Third Interim Stat Pack for October Term 2018

This is a busy time for the Supreme Court, which is slated to provide decisions in 24 cases over the final two-week span of the term. This equates to over one third of its 69 argued cases with expected decisions. In the court’s last week of business before summer recess, the justices are expected to release 12 decisions, with eight still remaining.

The Supreme Court released its decision in Gundy v. United States last week, 261 days after the case was argued. This is three days longer than the court took last term with Gill v. Whitford and the longest it has taken the court to reach a decision in a case since 1993.

The justices have already written more dissents this term than in either of the past two terms. The leading justice in this category is Justice Stephen Breyer with nine dissents, followed by Justices Sonia Sotomayor and Neil Gorsuch with eight dissents each. Justice Clarence Thomas has written the most majority opinions so far with eight. He has also written the most 5-4 decisions with four. No other justice has written more than two 5-4 decisions so far this term. As I mentioned in a prior post, Thomas will set a record for himself in a term if he writes a fifth 5-4 decision.

Thomas also wrote the most total slip-opinion pages of the justices this term with 267 and the longest opinion this term with his dissent in Flowers v. Mississippi, which runs 42 pages.

The 5-4 decision coalitions look very different this term from last. With 16 of these decisions so far, the five more conservative justices (Chief Justice John Roberts, Thomas, Justice Samuel Alito, Gorsuch and Justice Brett Kavanaugh) voted together in six cases, while permutations of justices including the four more liberal justices (Justice Ruth Bader Ginsburg, Breyer, Sotomayor and Justice Elena Kagan) voted together in seven. This is quite a difference from OT 2017, when the five more conservative justices (with Justice Anthony Kennedy instead of Kavanaugh) voted together in 14 of the court’s 19 5-4 decisions, and the more liberal ones only voted together in the majority in three.
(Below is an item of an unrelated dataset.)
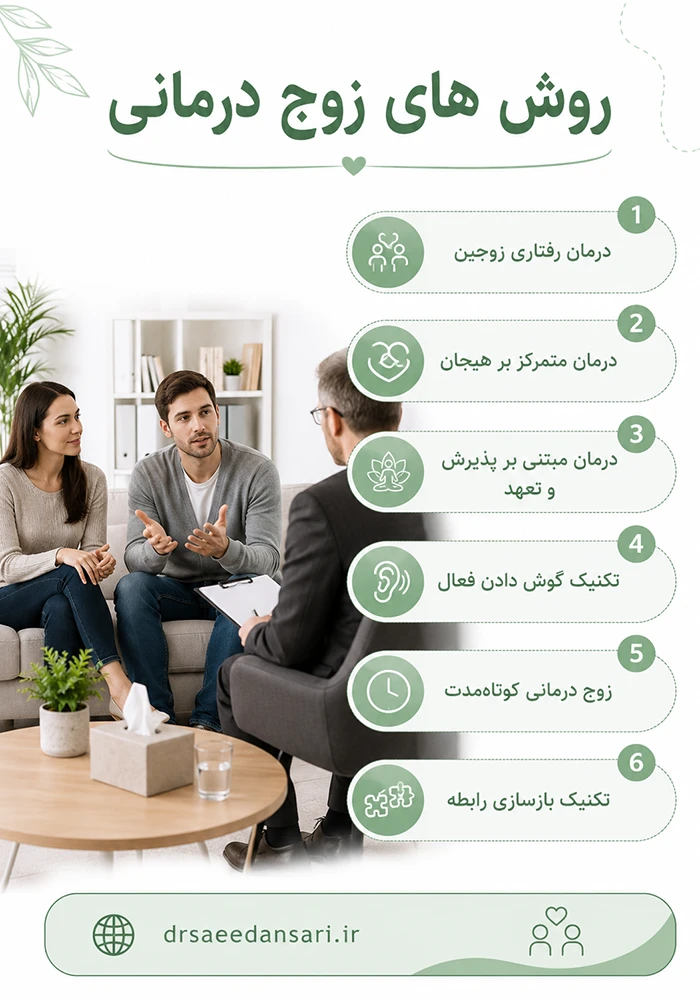 روش های زوج درمانی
A few points are worth noting from the Justice Agreement Table. The justices with the highest agreement in full, part or judgment only are Roberts and Kavanaugh at 93 percent. By comparison the two newest justices, Gorsuch and Kavanaugh, were in agreement 72 percent of the time. The lowest agreement level is a tie between Thomas and Kagan, Sotomayor and Breyer each, at 53 percent apiece.

As usual, the Supreme Court has saved some of its biggest decisions for release in the final days of the term, including in the census and partisan-gerrymandering cases. After the final decisions of the term are released, we will have to wait until October before the court starts hearing arguments again in a new slate of cases, 37 of which have already been granted for next term, for a total of 29 arguments.